Corporate Debtor : M/s Health Biotech Ltd.
Appeal No. : Company Appeal (AT) (Insolvency) No. 474 of 2023
Judgment Date : 15-May-23
Court/Bench : NCLAT New Delhi
Present for Appellant(s) : Advocate Kunal Tandon, Advocate Richa Sandilya, Advocate Varnalee Mishra.
Chairperson : Mr. Justice Ashok Bhushan
Member (Technical) : Mr. Barun Mitra
Case Status : Appeal dismissed by Supreme Court in Civil Appeal Diary No(s). 24896 of 2023 on 25.09.2023. Click here for the Order.
Original Judgment : Download

II. Full text of the judgment


15.05.2023: Heard Learned Counsel for the Appellant.

2. This Appeal has been filed against the Order dated 09.02.2023 by which the Adjudicating Authority has rejected Section 9 Application of I&B Code, 2016 filed by the Appellant.

3. Appellant who is claiming to be an Operational Creditor entered into agreement with the Corporate Debtor on 06.06.2017. The Appellant was a financial advisor to the Corporate Debtor for funding One Time Settlement for the Corporate Debtor. The Operational Creditor issued invoice on 07.02.2019 for a sum of Rs. 27,14,000/- to the Corporate Debtor. On 03rd April, 2019, a Demand Notice was issued under Section 8 of the Code to the Corporate Debtor. On 10th April, 2019, the Corporate Debtor replied the demand notice and gave a notice of dispute. Subsequently, an Application under Section 9 of the Code was filed which was replied and contested by the Corporate Debtor. Adjudicating Authority rejected Section 9 Application by the Impugned Order.

4. The Adjudicating Authority noticed that Agreement between the parties was only for six months from 06.06.2017 to 05.12.2017 and invoice was raised after 15 months.

5. Challenging the order, learned counsel for the Appellant submits that due to conduct of the parties, the time for the agreement shall be deemed to be extended and Adjudicating Authority committed error in rejecting Application on the ground that period of contract has come to an end.

6. We have considered the submissions of Learned Counsel for the Appellant and perused the record.

7. After Demand Notice was sent by the Appellant on 03.04.2019, the same was replied by the Corporate Debtor refuting the claim, in paragraph 2 of the Reply to Demand Notice, following has been stated:

“agreement and you were to perform the aforesaid responsibilities including the disbursement of amount from Banks/Financial Institution within the stipulated period of six months starting from 06.06.2017 and ending on 05.12.2017 i.e., the validity of the agreement. You had failed to perform your part within the period stipulated in the agreement & as such after the expiry of the said agreement you and Health Biotech Limited has no relation/connection to the said services.
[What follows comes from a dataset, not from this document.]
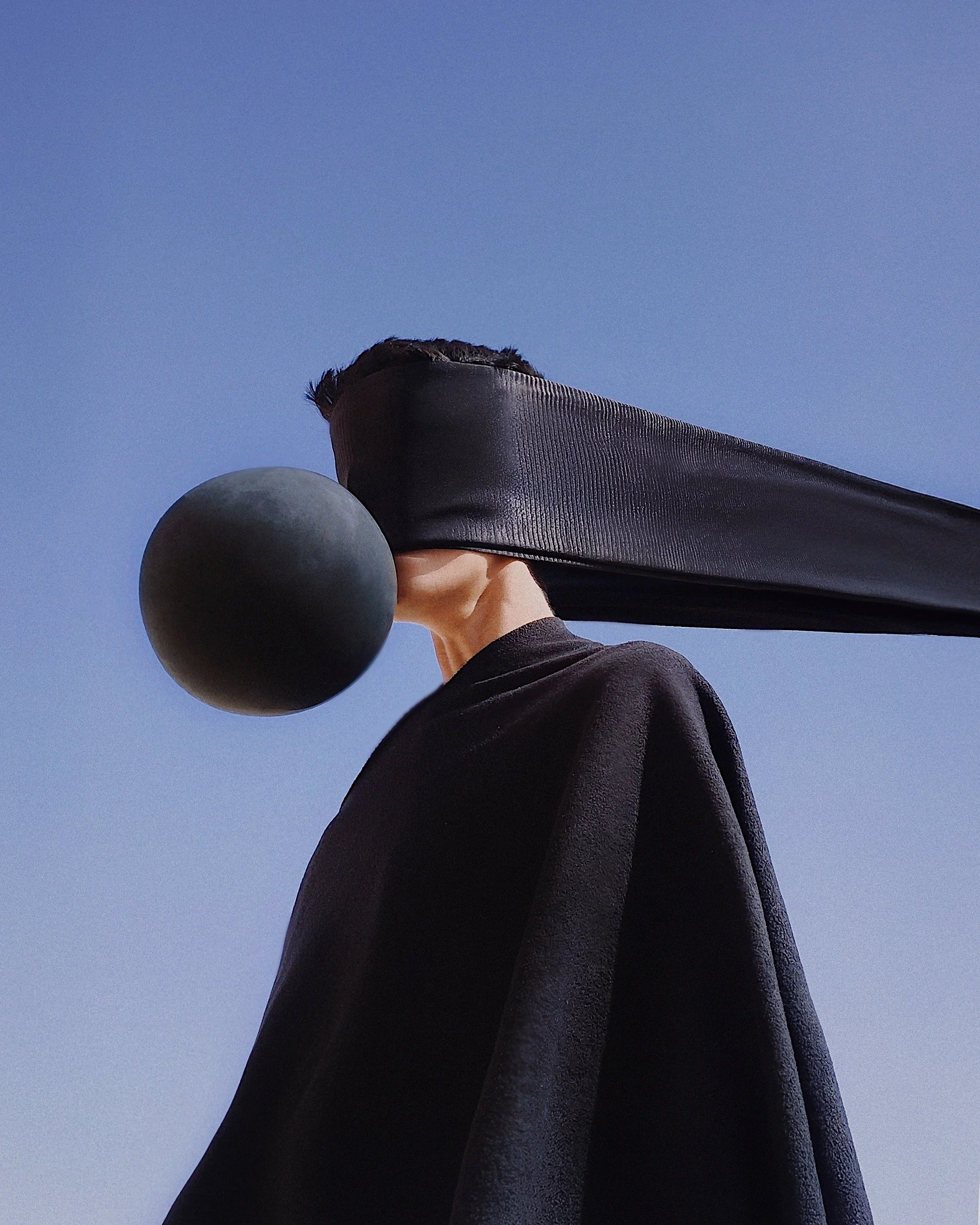 A person wearing black clothing and a blindfold carrying a black ball on their shoulder against a clear blue sky.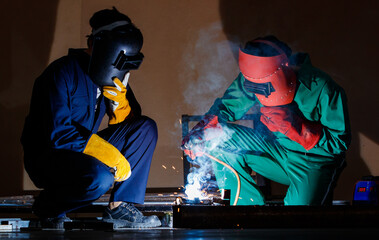 two engineers working in the dark at nighttime. Mechanics wearing a mechanic coveralls work together to weld the metal rod, making nice spark, bokeh, and smoke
That you have issued this notice will ill-will and mala fide intention to grab the money from the company by raising bill no:ABC/2018-19/1034 dated 07.02.2019 which itself is beyond the reasonable time frame which proves that it is an act of afterthought to grab the money from the Company.”
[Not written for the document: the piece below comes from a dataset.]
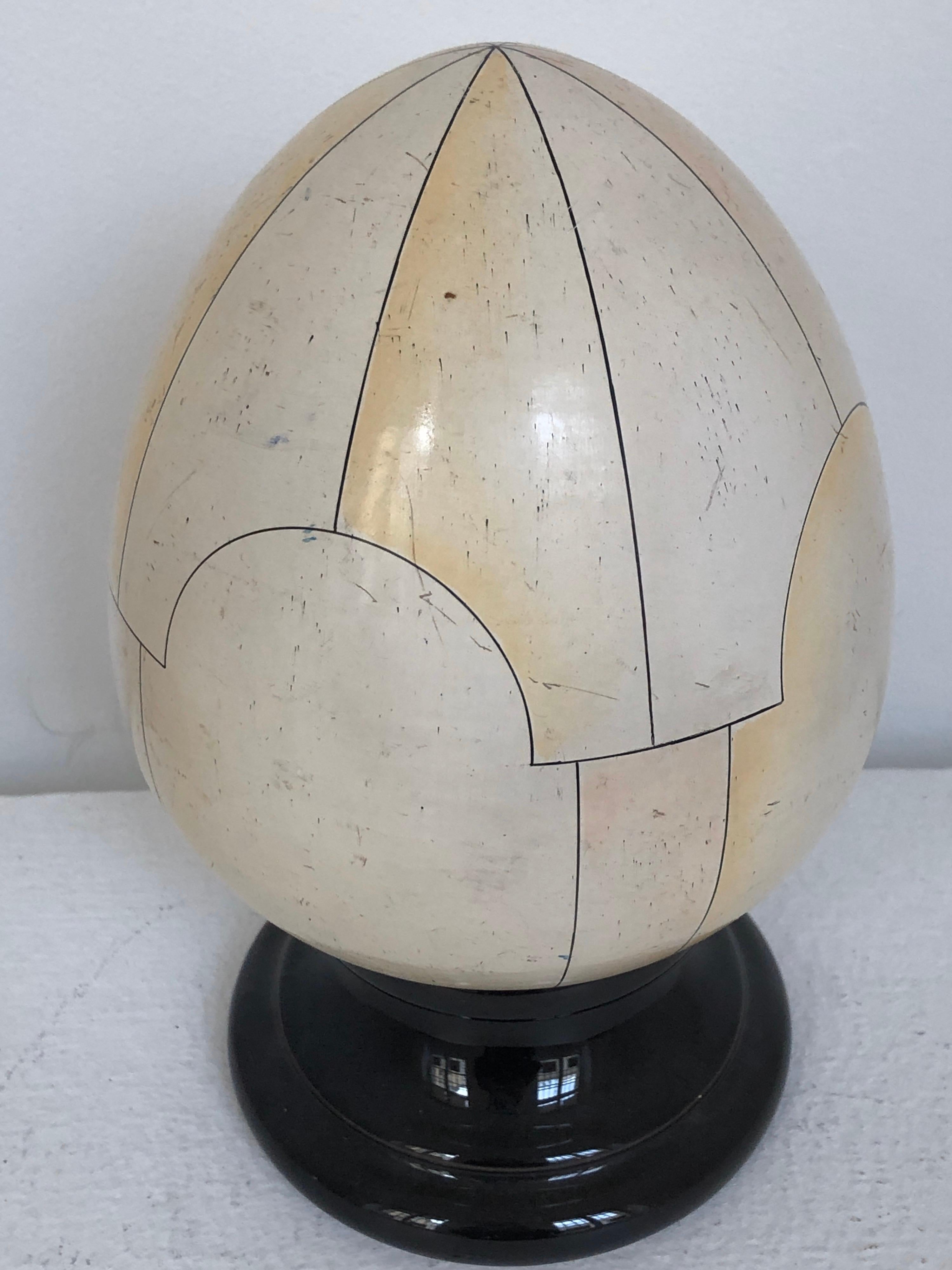 Magnificent piece of collection and very rare hollow ceramic sculpture egg enameled shell faux ivory 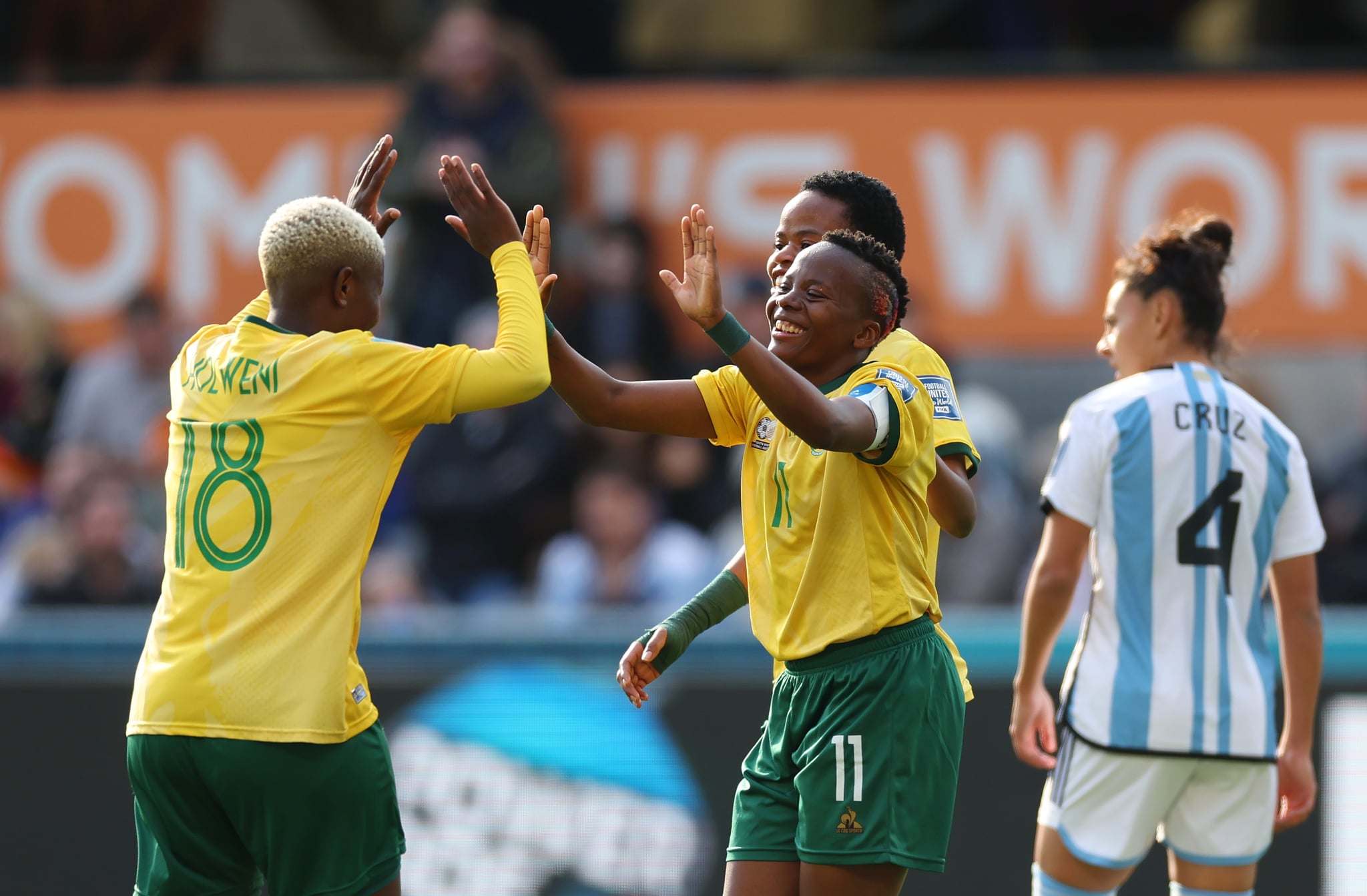 DUNEDIN, NEW ZEALAND - JULY 28: Thembi Kgatlana (2nd L) of South Africa celebrates with teammate Sibulele Holweni (1st L) after scoring her team's second goal during the FIFA Women's World Cup Australia & New Zealand 2023 Group G match between Argentina and South Africa at Dunedin Stadium on July 28, 2023 in Dunedin, New Zealand. (Photo by Lars Baron/Getty Images)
8. The Appellant was claiming operational debt as having provided consultancy services to the Corporate Debtor. Agreement was for a period of six months which expired much before the invoice was issued. Corporate Debtor refuting the claim of the invoice states that notice has been issued with a mala fide intention to grab the money form the company by raising bill.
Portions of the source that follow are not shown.